# Louvered Doors



## S.W.C (Jul 3, 2004)

How much do you charge for painting louvered doors?

I'm finishing up a job that's running a few days longer than I had estimated, because their are about a dozen louvered doors in it that take forever to paint.

I figured them in with the trim work, bad idea.

I'm getting about $10 a door for them the way I figured them in, but I'm thinking that I should have charged around $25 a piece for them.

Something esle thats taking longer than expected is windows with removable wooden mullions that have to be painted to match the window frames.

How much should I charge for louvered doors, and windows with mullions?

I've got a pretty good idea already, but I'm interested in what everyone else gets for them.

I'm thinking a good sprayer would be wise investment about right now.

What do you guys think?


----------



## Teetorbilt (Feb 12, 2004)

You won't make that mistake again!
I base charge $100.00 for a full louvered door or panel per folding door. If there are drips from the previous painting, the price goes up. There are timesthat I will recommend a new door as opposed to refinishing an old one. Complete stripping and repainting are a prohibitive cost here. This is only done on 'heritage' homes and can run $500.00 per door.


----------



## ProWallGuy (Oct 17, 2003)

I usually charge $15-$20 per door side, not including frame side.

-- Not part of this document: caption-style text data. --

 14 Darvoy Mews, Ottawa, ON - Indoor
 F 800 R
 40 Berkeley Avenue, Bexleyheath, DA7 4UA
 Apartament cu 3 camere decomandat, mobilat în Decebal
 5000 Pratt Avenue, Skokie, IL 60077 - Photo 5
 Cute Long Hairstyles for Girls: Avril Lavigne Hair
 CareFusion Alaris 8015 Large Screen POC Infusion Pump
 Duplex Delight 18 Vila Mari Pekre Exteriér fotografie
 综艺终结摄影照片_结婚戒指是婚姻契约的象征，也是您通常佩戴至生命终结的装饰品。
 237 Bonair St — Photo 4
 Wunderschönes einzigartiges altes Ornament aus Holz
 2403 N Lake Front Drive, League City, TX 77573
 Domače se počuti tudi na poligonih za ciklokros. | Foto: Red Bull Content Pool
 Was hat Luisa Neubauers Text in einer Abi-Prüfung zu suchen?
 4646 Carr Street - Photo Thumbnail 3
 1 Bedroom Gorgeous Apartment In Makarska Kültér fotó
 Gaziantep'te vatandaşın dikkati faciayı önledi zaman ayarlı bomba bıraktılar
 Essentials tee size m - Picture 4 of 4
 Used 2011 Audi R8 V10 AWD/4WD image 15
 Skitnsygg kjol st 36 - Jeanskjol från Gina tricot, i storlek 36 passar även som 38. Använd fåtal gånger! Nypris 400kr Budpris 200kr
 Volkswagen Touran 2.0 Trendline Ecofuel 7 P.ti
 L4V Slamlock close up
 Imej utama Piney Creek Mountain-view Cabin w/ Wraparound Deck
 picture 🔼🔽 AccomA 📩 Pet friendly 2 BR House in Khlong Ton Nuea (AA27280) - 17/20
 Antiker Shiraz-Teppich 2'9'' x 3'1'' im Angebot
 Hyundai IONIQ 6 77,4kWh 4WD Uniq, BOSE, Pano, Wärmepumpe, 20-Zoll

That would be $15-$20. The price depends on if I need to take the doors off the hinges or not. 

For a louvred door, the price is usually $40-$50 per side, but the same price for the frame as above.


----------



## S.W.C (Jul 3, 2004)

No, I won't make that mistake again.

The louvered doors were about the only thing in the house that didn't have runs, the last guy who painted used a sprayer for the louvered doors, but that's all he used it on.

I hustled up and managed to come out with a little profit, a lot when you consider the lesson learned.

These doors are bi-folding louvers that are hinged in the middle, not much more trouble to take off than masking, and I only had to paint the outside and the frames.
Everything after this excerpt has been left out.